I don't particularly like Adobe but their cross pollination of Flash to the
Creative Suite is not a deal breaker and they, of course, have every incentive
to make Flash run on Windows, OSX, Linux, mobiles, etc.

------
FraaJad
As a mac user I do not mind Silverlight, but if it does not play well with all
the platforms that I use on a regular basis - Mac, Linux & Windows (In that
order), I will never chose to do any new development with Silverlight.
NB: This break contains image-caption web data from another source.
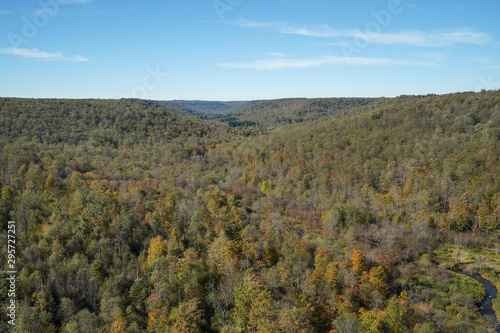Breathtaking view from the sky walk at the Kinzua Bridge State Park located in Pennsylvania.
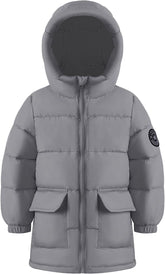 HILEELANG Kids Boy Girl Puffer Jacket Coat Hood Mid Length Light Weight Warm Insulated Padded Winter Outwear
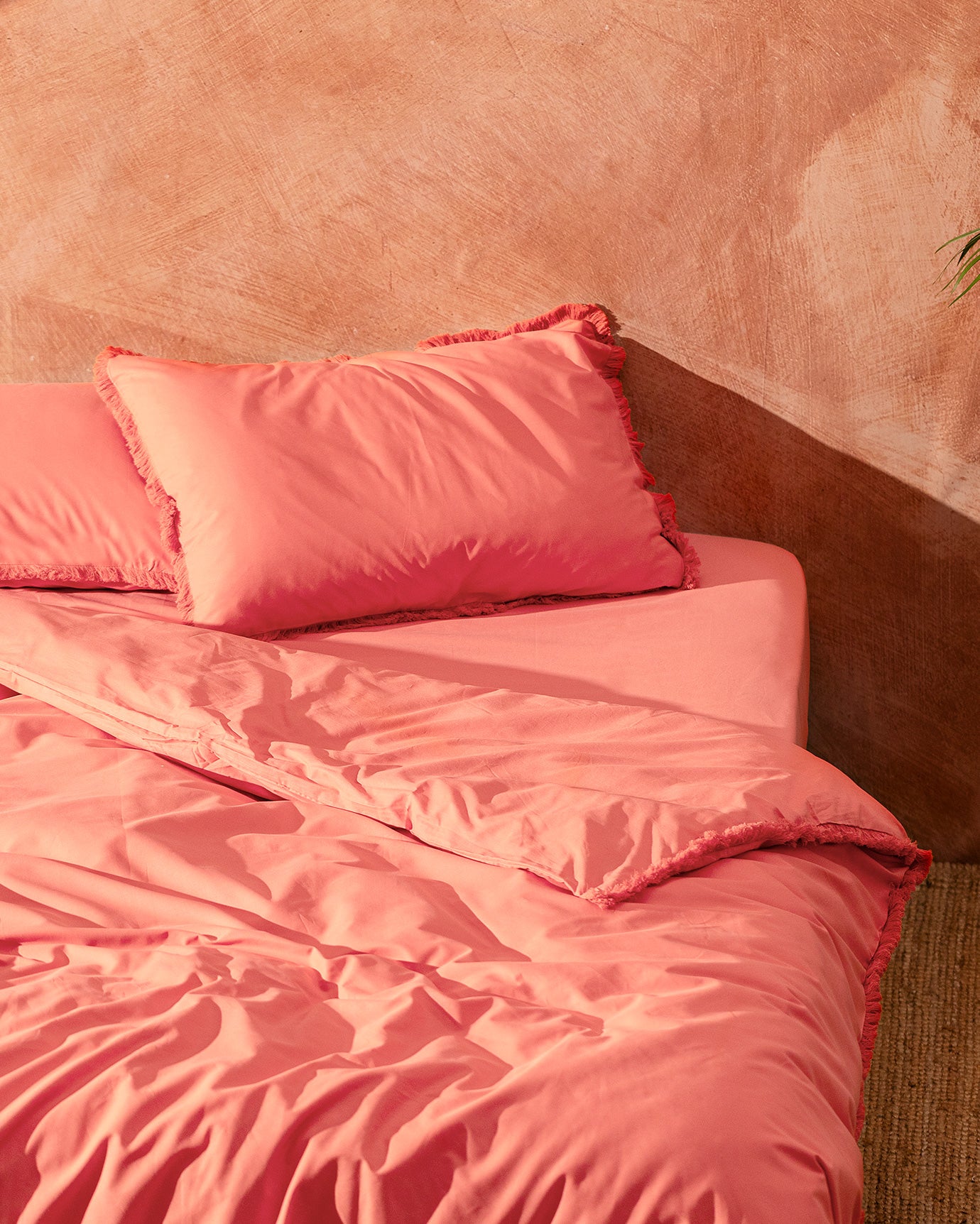 100% Cotton Double Duvet Cover Set - Tasseled Design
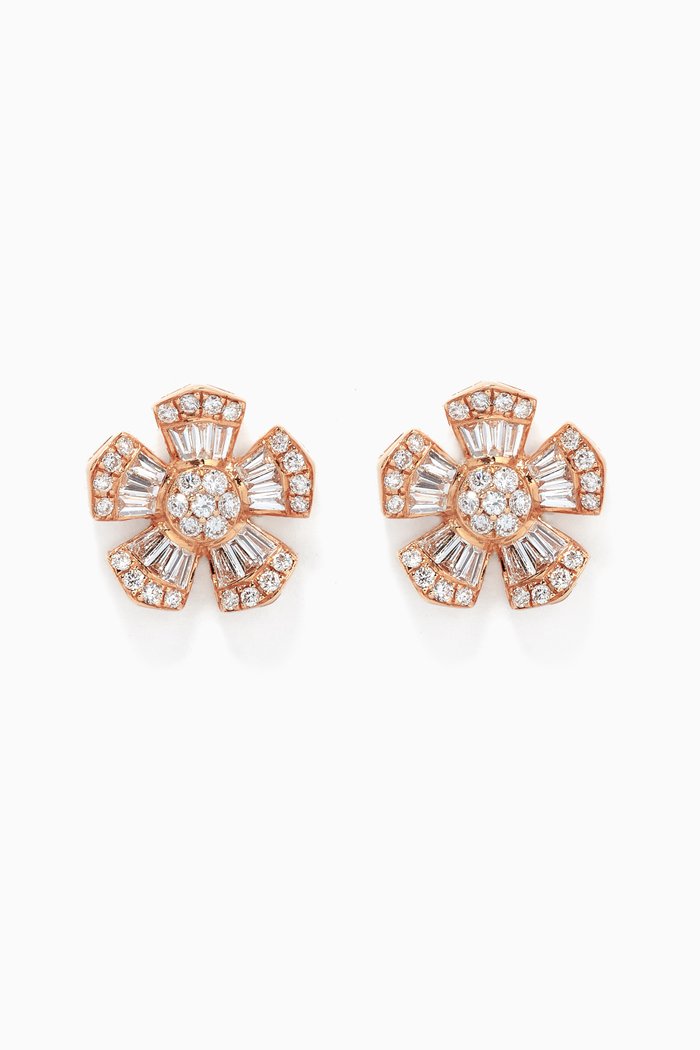 Fleur Medium Diamond Stud Earrings in 18kt Rose Gold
Why chose Silverlight when I can't even test the thing on my Linux dev box?
The support for Flash and Flex is not stellar on Linux either, but there are
workable solutions.

------
mellis
As someone who's used both the Silverlight and AIR versions of the Times
Reader (for the Mac), I can say that the AIR version works much better. The
application is more responsive, the window can be any size, the text layout
looks better, etc. Does anyone know if AIR offers technical advantages for
this type of app, or did they just do a better job this time around?

------
dchest
I don't think it's a technical issue, and we shouldn't take it into
consideration. AIR/Flash vs. Silverlight is a lot like HD-DVD vs. BluRay, that
is _money_.

Microsoft and Adobe make contracts with large content vendors such as New York
Times to push their technology. This has nothing to do with technology by
itself.